この夏休み、旅行に出かけていた人も多いのではないでしょうか。私は早めに夏休みをいただき、7月にロンドンに行ってきました。前回に引きつづき(10.ロンドン最新「食」事情/ロンドン旅・前編)、ロンドンBBA旅をお届けします。

 

今回のロンドン旅は基本一人旅だったのですが、スコットランドに住む友人がタイミングよくお仕事でロンドンに。待ち合わせ場所として、北ロンドンの「キングス・クロス駅(King’s Cross Station)」に呼び出されました。なぜ? と思って行ったら、びっくり。キングス・クロス駅周辺は、去年「コール・ドロップス・ヤード(Coal Drops Yard)」というショッピング・モールがオープンするなど、いま、ロンドンで熱いエリアになっていたのです。

ロンドンの最新スポット! キングス・クロス駅周辺には「コール・ドロップス・ヤード」がオープンするなど、最新ショップ&グルメが目白押し。

もともとは石炭(=コール)を落とす(=ドロップ)置き場として使われていたエリアです。そこにいま、昔の建物を生かしたレンガ造りの個性的なショップやレストランが建ち並んでいて、歩いているだけで気分があがります。服はBBAにはちょっとついていけないショップもありましたが(笑)、コスメコーナーやレストラン料理は大丈夫。とくにいまロンドンで流行(はや)りのオススメ料理は中東料理です。

 

この中東料理店のいいところは、味はもちろん、量が多すぎないところです。いろんなものを少量ずつ食べられる。欧米の食事は日本人には量が多すぎることがありますよね。ましてやBBAには。でも、ここでいただいた中東料理はお洒落でちょうどよくて、大満足でした。しかも堂々とシェアできる! 食事は一人一皿が基準の個人主義な欧米ですが、ここのお店は他のテーブルもみなさん料理をシェアして食べていました。

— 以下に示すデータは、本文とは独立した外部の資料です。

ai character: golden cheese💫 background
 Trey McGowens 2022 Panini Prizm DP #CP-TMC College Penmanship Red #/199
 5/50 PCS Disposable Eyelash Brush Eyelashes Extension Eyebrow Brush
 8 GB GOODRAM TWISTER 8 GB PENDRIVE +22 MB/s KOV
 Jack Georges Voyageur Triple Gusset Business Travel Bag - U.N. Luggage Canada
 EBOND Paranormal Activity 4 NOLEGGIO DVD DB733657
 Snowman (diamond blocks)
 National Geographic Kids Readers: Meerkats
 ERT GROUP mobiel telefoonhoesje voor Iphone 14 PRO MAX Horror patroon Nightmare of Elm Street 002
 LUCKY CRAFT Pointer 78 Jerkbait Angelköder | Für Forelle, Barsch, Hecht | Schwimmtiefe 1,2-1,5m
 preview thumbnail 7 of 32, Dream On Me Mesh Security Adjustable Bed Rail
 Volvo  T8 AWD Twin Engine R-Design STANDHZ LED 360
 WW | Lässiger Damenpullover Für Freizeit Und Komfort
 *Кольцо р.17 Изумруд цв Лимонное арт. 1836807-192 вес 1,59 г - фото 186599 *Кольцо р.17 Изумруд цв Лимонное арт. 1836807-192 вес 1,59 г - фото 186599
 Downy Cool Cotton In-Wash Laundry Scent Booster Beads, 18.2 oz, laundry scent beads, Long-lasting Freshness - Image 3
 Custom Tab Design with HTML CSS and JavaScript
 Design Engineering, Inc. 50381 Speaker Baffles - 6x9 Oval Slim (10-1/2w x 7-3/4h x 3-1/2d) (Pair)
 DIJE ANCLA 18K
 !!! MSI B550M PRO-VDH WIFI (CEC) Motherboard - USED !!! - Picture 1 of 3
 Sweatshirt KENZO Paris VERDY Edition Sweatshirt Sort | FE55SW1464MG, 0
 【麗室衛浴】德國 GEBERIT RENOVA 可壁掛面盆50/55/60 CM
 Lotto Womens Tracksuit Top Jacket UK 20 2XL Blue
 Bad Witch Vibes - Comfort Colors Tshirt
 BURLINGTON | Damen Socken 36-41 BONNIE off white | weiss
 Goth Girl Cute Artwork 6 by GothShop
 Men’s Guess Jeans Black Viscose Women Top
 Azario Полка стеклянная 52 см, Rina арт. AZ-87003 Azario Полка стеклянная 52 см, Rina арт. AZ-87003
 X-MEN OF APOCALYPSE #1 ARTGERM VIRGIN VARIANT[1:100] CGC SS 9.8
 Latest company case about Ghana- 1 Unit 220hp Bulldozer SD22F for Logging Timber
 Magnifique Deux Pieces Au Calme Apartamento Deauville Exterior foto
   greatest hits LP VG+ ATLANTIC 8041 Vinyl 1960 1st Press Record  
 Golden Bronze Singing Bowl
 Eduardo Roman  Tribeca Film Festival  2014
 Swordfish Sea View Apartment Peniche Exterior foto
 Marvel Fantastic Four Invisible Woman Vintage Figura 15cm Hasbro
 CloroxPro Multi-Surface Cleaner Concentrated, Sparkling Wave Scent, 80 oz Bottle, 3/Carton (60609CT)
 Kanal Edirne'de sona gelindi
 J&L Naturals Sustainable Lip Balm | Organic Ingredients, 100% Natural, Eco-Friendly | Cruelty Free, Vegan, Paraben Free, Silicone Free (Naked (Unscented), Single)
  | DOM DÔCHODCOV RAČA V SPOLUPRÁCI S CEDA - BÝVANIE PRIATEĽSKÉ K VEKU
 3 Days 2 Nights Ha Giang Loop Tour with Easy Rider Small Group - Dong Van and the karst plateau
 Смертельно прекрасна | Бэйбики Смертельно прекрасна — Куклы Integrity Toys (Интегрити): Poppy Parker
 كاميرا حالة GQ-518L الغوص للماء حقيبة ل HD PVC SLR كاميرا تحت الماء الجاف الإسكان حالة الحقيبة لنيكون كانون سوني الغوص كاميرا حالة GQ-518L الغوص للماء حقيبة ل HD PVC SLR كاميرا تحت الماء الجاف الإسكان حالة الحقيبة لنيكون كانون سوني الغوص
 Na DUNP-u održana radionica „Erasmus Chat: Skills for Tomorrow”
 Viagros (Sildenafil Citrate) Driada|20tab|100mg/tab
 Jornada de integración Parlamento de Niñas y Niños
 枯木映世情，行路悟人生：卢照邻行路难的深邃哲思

中東料理が流行中。味はもちろん、量が多すぎないところもいいんです。

 

お店の奥には……お気に入りのパブの秘密、教えます

 
 

最新スポットも押さえておきたいけれど、昔ながらの老舗(しにせ)にも()かれます。やはり行くのは「リバティ・ロンドン」周辺です。今回驚いたのは、リバティ並びにできた「H&M Home」です。H&Mのインテリアラインで、私にもできそうなコーディネートがあったり、緑に囲まれた気持ちのよいカフェもあったりで、オススメです。インテリアライン、日本ではH&Mのオンラインでのみ一部商品を扱っているようです。実店舗でしか体験できない空間でした。

日本未上陸の「H&M Home(インテリアライン)」に行ってきました。

買い物に疲れたころ、ランチはリバティの裏にあるタコス店「ブレッドス(Breddos)」に入りました。タコスもロンドンで流行っている料理の一つ。これもまた、量がちょうどいいんです。タコスに合わせてマルガリータを一杯。幸せのひとときです。

タコスも流行中。少しずついろんな味が楽しめます。

リバティのカフェも好きですが、裏通りのキングリー・ストリート(Kingly Street W1)にはお洒落なインド料理屋「ディシューム(Dishoom)」、オーガニック健康志向の「デトックス・キッチン(Detox Kitchen)」からオールドスタイルのパブまで、お洒落なロンドンっ子が通うレストランがたくさんありますので、ぜひチェックしてみてくださいね。

 

あともう一軒。本当は秘密にしておきたかったのですが、私のお気に入りのパブを。

 

ノッティング・ヒル(Notting Hill)にある、外壁が花で囲まれたパブ「ザ・チャーチル・アームズ(The Churchill Arms)」です。入って入り口付近はオールドスタイルのよくあるパブですが、なんとお店の奥は本格的なタイ料理屋さん! ギネスをはじめ生ビールを頼めますし、食事のオーダーはパッタイなど一人一品頼めばOK。安くてカジュアルな大人旅ディナーにオススメです。このタイ料理レストランはかなりの人気なので、直前でもいいですから、予約してから行くことをオススメします。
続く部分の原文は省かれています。